To appreciate the solution, though, you first have to understand the problem. This post will discuss the full extent of the problem. In the next post, we will examine the solution.
One of the main attacks against the FTC’s Reasonable Precautions cybersecurity standard is that it does not provide fair notice of what it requires, or prohibits. What, exactly, constitutes a reasonable precaution and what does not? How can a business be expected to comply with a standard if it does not have fair notice of what it requires? This was a major defense in both the FTC’s administrative trial against LabMD, and the action entitled the Federal Trade Commission, Plaintiff, v. Wyndham Worldwide Corp., et al., Defendants. Civil Action No. 13-1887 (ES), United States District Court, D. New Jersey (the “Wyndham case”) both of which we have written about at length. At least so far, though, “reasonableness,” as applied on a case-by-case, fact specific basis, is all a business basically has to work with.

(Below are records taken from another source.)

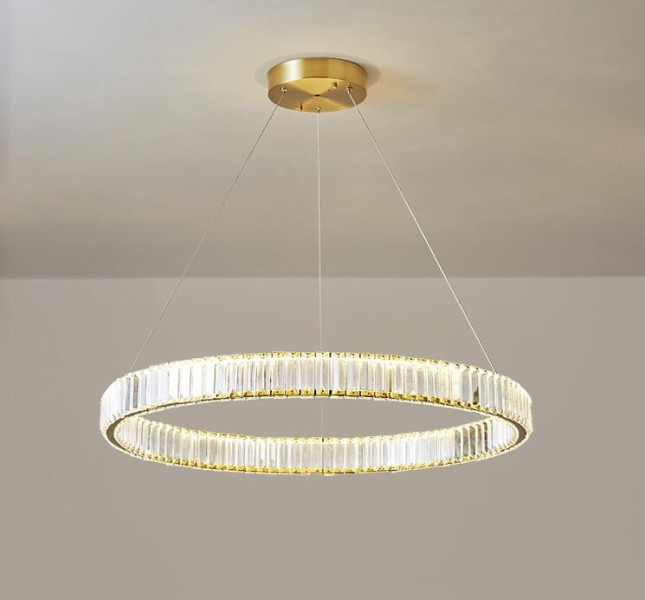 Klasyczny Żyrandol ZŁOTY RING 80 z kryształami K9 Ø80CM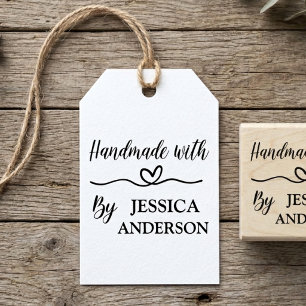 Custom Elegant Script Handmade With Love Heart Rubber Stamp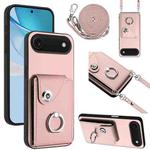 For iPhone 17 Air Organ Card Bag Ring Holder Phone Case with Long Lanyard(Pink)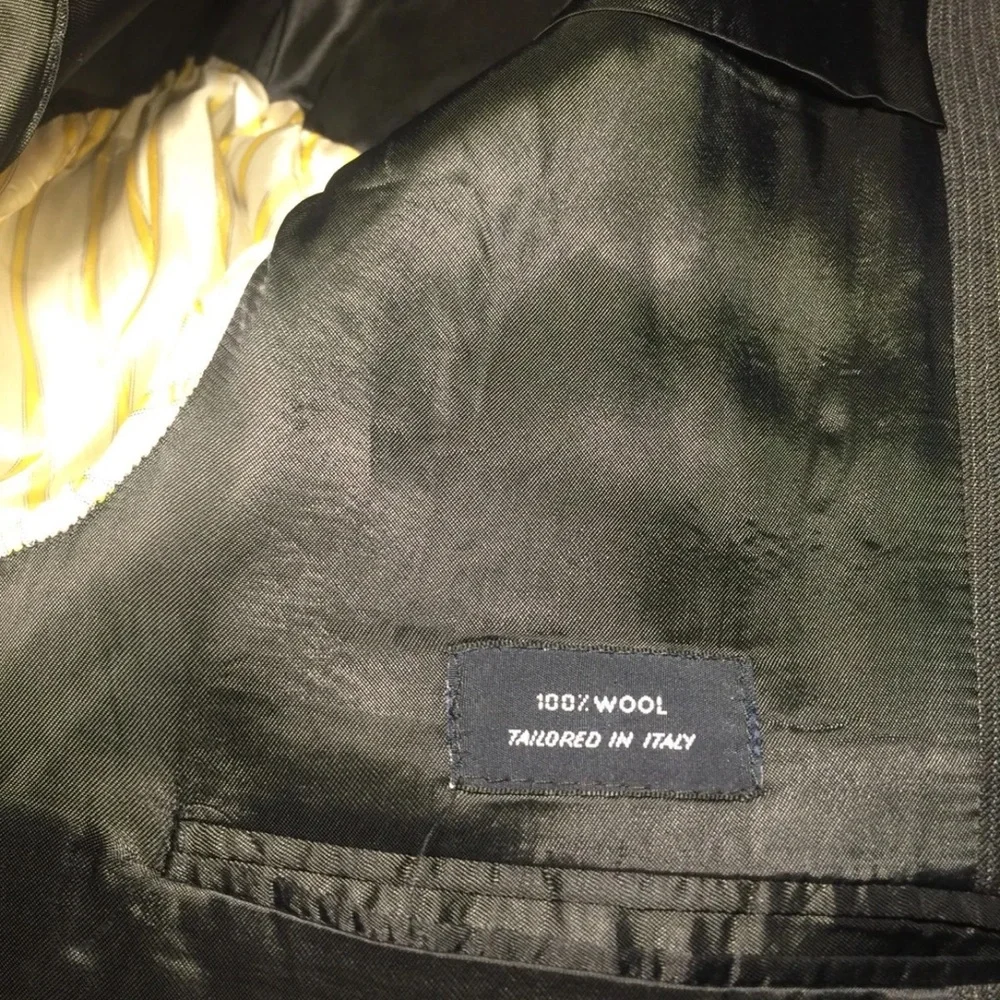 Faconnable Dark Gray Italian‎ Wool Men's Suit Jacket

In the Wyndham case, as we have previously written, one of the defendants, Hotels and Resorts, based its motion to dismiss the complaint, in large part, on the allegation that the reasonable precautions cybersecurity standard was too vague, and that the FTC should issue detailed regulations giving fair notice of what the standard required, before the FTC could seek to enforce it. In denying the motion, the court held:
But the Court is unpersuaded that regulations are the only means of providing sufficient fair notice. Indeed, Section 5 codifies a three-part test that proscribes whether an act is “unfair.” See 15 U.S.C. § 45(n). And, notably, Hotels and Resorts’ only response to the FTC’s analogy to tort liability–where liability is routinely found for unreasonable conduct without the need for particularized prohibitions–is the following: “While the negligence standard has long been a cornerstone of tort law, no Article III court has ever–not once–articulated the data-security standards that Section 5 of the FTC Act supposedly imposes on regulated parties.” (HR’s Reply to Jnt. Supp. Br. at 5). The Court is not persuaded by this argument that essentially amounts to: since no court has, no court can–especially since Hotels and Resorts itself recognizes how “quickly” the digital age and data-security world is moving. (See 11/7/13 Tr. at 25:12-14).
Think of what that actually means: there is no need for specific regulations prescribing what has to be done; the statute itself provides guidance; and the court can develop case law which can guide businesses as to what a reasonable precaution is under certain, fact-specific, circumstances. The latter seemingly is the most problematic. A body of case law does in fact provide significant guidance, but in order to provide the guidance, you actually have to have the case law. If you are one of the first, as Hotels and Resorts argues in the Wyndham case, how can you be expected to comply with, or even receive guidance from, a body of case law that does not yet exist?
Even the statute that provides the basis for the FTC’s “Reasonable Precautions” cybersecurity standard, appears to be no more precise. 15 U.S. Code § 45 “Unfair methods of competition unlawful; prevention by Commission;” provides, in relevant part:
(n) Standard of proof; public policy considerations
The Commission shall have no authority under this section or section 57a of this title to declare unlawful an act or practice on the grounds that such act or practice is unfair unless the act or practice causes or is likely to cause substantial injury to consumers which is not reasonably avoidable by consumers themselves and not outweighed by countervailing benefits to consumers or to competition. In determining whether an act or practice is unfair, the Commission may consider established public policies as evidence to be considered with all other evidence. Such public policy considerations may not serve as a primary basis for such determination.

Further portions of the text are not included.